Bravery is required in everyday life. There’s only so much one can control, even with preparation. Surprise news or experiences can change one’s outlook on an event anticipated to go differently. An errant and broken baseball bat flies into the stands at a ballfield and a spectator who loves the game is injured. A subway commuter who never had to worry about getting to work on time now has to wonder if public transportation is the best way to travel.

So it is with town government news. Bravery is required to run for elected office.
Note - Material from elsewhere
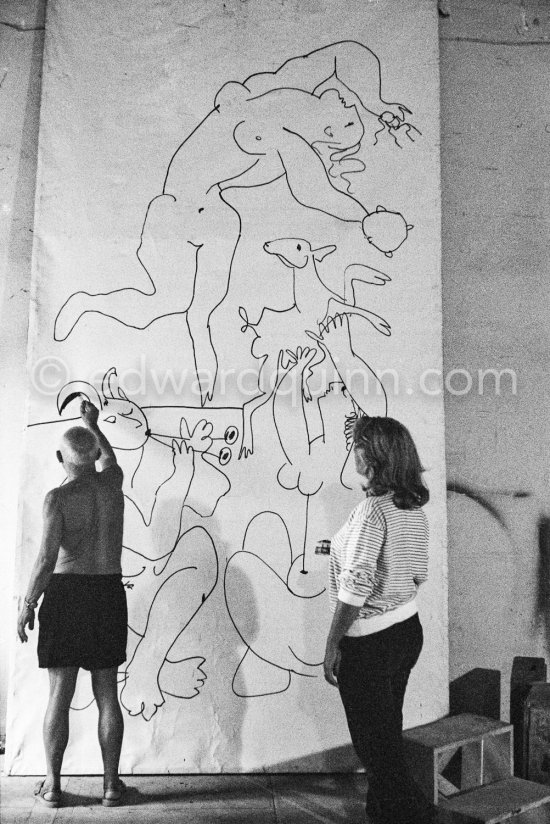 Pablo Picasso working on a bucolic pastoral scene on drawing paper which was to serve as background for the film "Le mystère Picasso". Maya Picasso on the right. Nice, Studios de la Victorine 1955. - Photo by Edward Quinn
Putting oneself in the public eye is a sure way to know, by vote tally, how many of one’s fellow residents and neighbors support, trust and believe in a specific candidate to elect him or her to an office where decisions will be made on voters’ behalf.
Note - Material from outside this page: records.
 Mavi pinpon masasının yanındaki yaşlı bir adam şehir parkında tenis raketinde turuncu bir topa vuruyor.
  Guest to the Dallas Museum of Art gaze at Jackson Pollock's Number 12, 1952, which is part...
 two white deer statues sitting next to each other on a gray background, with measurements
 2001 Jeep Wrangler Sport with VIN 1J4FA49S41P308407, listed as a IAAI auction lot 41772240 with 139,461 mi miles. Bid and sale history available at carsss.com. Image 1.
Bravery is again required when an elected board, once seated with the goal of overseeing a community’s best interests, chooses its leaders.

This should be done in public session and a board member needs to steel him or herself for opposition to a goal to be a chairman or chairwoman, president or vice president. In the purest of local democracy, this happens. Sometimes in some towns and cities, there are publicly discussed bumps and scrapes along the way. It might not be a comfortable spot for a prospective board leader to here why another prospective board leader might be a better choice or fit. Or, why changing the status quo is a good or bad idea.

It’s important to have those discussions in open session and not decided in advance, or, to appear that the discussions may have been held in advance. There is enough raising of the eyebrows when hearing the latest political news at the national level. Let’s keep the level of skepticism at the local level to a minimum.